Bu durum yalnızca Türkiye’de değil, dünyanın birçok yerinde böyleydi. Her şeye rağmen futbolcu olma yolunu kendine açabilen kadınlar, bitmek bilmeyen algılar ve imkânsızlıklarla yüzleşmek zorunda kaldı. Meslektaşlarının milyonlar kazandığı işi yaparken onlar para kazanabilmek için bir ikinci işe ihtiyacı olacaklarının bilinciyle; bu özveriyle vurdular toplara.

Ballon d’Or töreninde izlediğimiz sarı saçlı, gözlüklü Hollandalı teknik direktör Sarina Wiegman, hoca olmadan önce futbolcuydu. Çocukluğunu kendini oraya ait hissedebilmek ve sahadaki erkek arkadaşlarına benzemek amacıyla kısa saçlı geçirdi.
En İyi Kaleci ödülünü takdim eden İngiltere’nin eski file bekçisi Mary Earps; mesleğini en üst seviyede yaparken para kazanamadığı, yetersiz hissettiği, ağır bir depresyon geçirdiği ve evinin mutfağında öylece uzandığı günler yaşadığını anlatmıştı 2023’te İngiltere’de “Yılın Sporcusu” seçildiğinde.
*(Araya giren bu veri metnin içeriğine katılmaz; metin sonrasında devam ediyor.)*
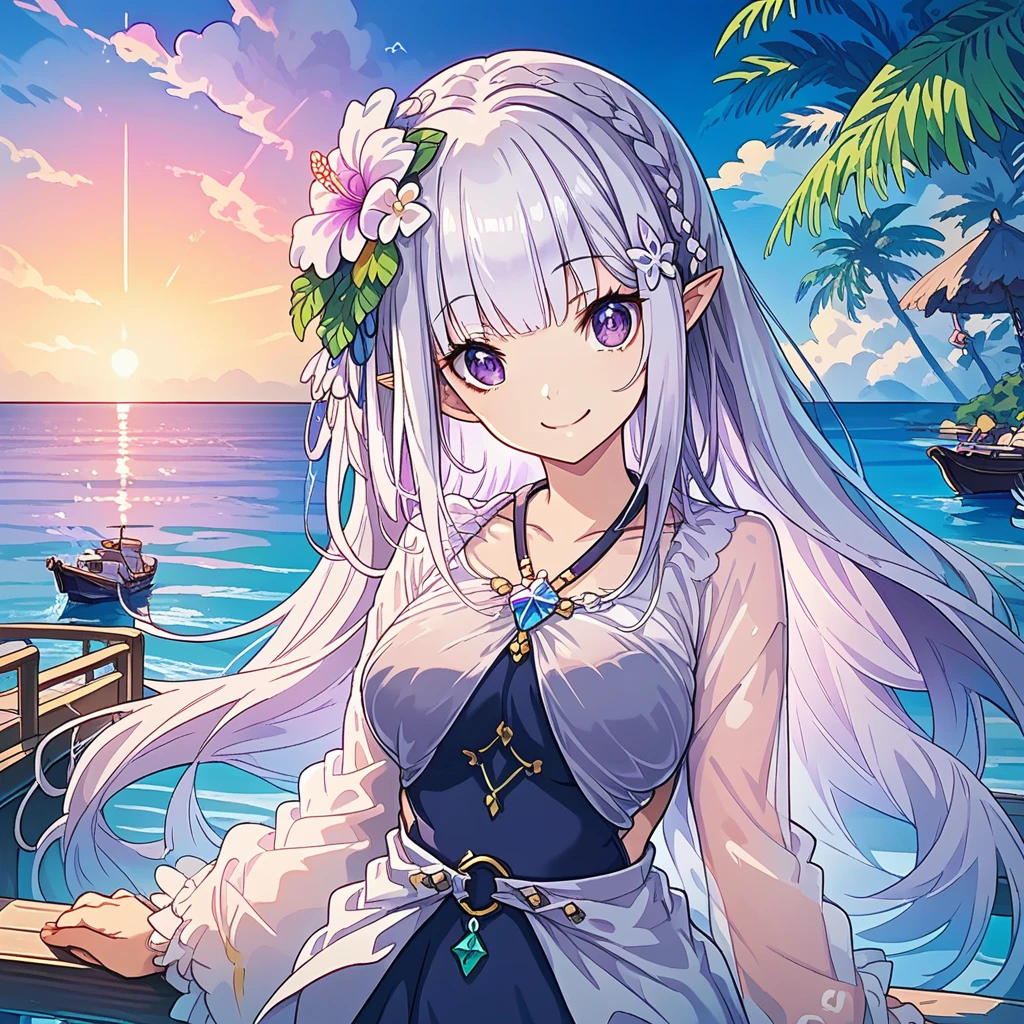 emilia, One girl,ysk, milf,  Long Hair, Silver Hair, Purple eyes, Pointed Ears, Hair Flower, Swimwear, see-through, Tropical Sea, Pier、Boat、evening, Beautiful sunset, Smile break The face is depicted in detail down to each individual eyelash, super detailed face, ((super detailed eye)), sharp focus、masterpiece、16K, highres, super details, uhd, masterpiece、Beautiful attention to detail:1.2, Perfect lighting, (perfect hand, perfect anatomy), Precise depiction, game cg, Vibrant colors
Ballon d’Or’da ‘en iyi kadın kaleci’ olarak seçilen Hannah Hampton ise konuşmasında, kısa süre önce hayatını kaybeden Liverpool ve Chelsea kadın takımlarının eski teknik direktörü Matt Beard’dan bahsetti. 47 yaşında aramızdan ayrılan sevilen teknik adam, kısa hayatı boyunca ailesini geçindirmeye bile yetmeyen birkaç yüz sterlin karşılığında, seyircisiz maçlarda İngiltere kadın futbolunu geliştirmek için çalışmıştı. İngiltere’de kazanılan birçok kupanın temelinde onun cefası vardı belki de. Ama törende Hampton anlatırken oradaki kaç kişi bunları biliyordu, siz düşünün.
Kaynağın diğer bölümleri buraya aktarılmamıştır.